» Data below:
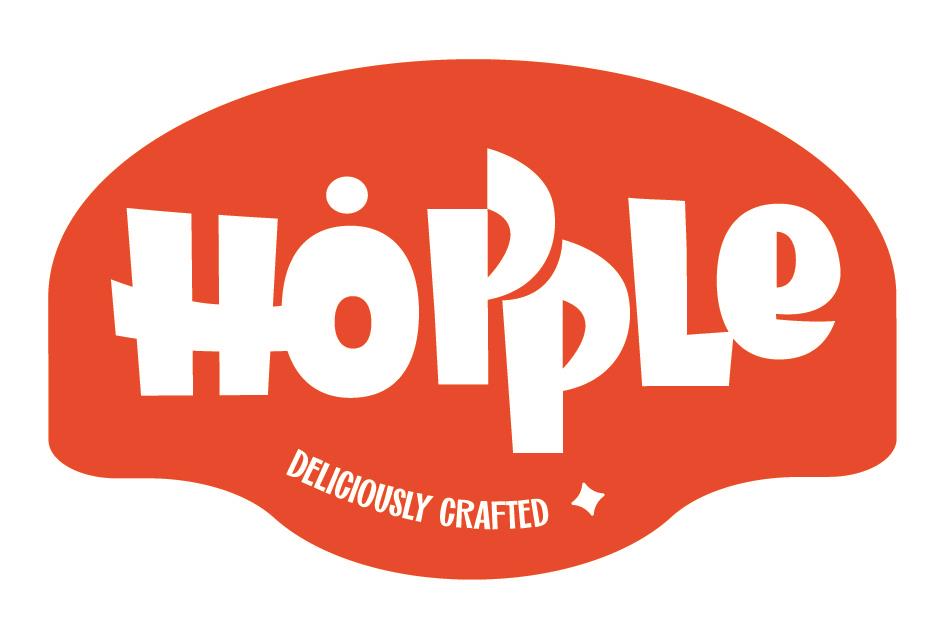 HOPPLE, DELICIOUSLY CRAFTED logo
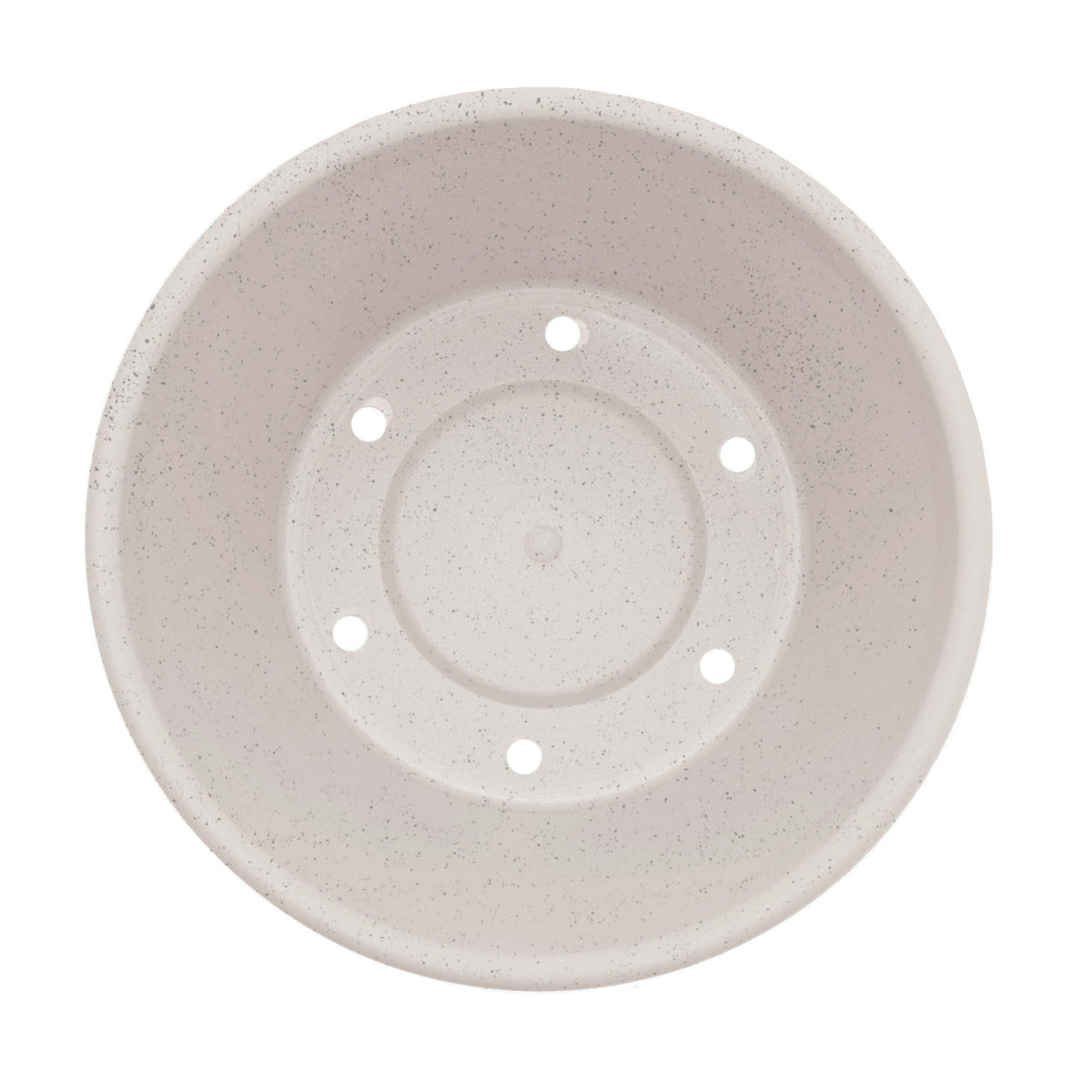 Bloem Terra 8" Diameter Round Vanilla Bean Resin Planter Pot with Drainage Holes for Indoor and Outdoor Gardening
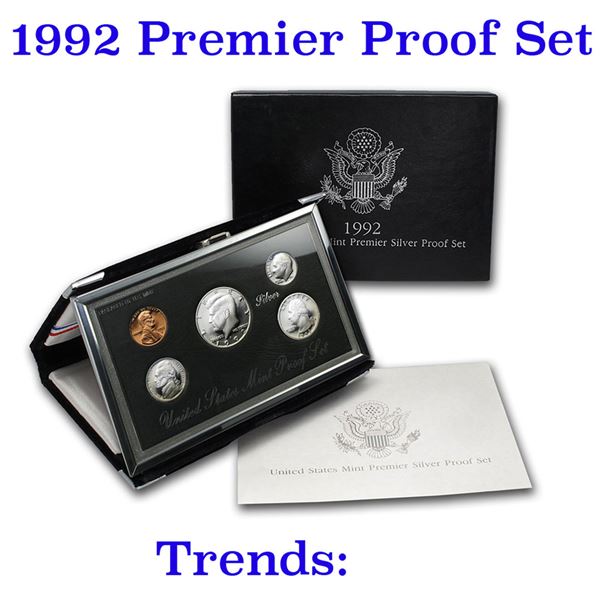 1992 United States Premier Silver Proof Set in Display case. 5 Coins Inside!, No Box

» Task: Write the data above out exactly. Leave out any pictures.

» Task answer:
 HOPPLE, DELICIOUSLY CRAFTED logo
 Bloem Terra 8" Diameter Round Vanilla Bean Resin Planter Pot with Drainage Holes for Indoor and Outdoor Gardening
 1992 United States Premier Silver Proof Set in Display case. 5 Coins Inside!, No Box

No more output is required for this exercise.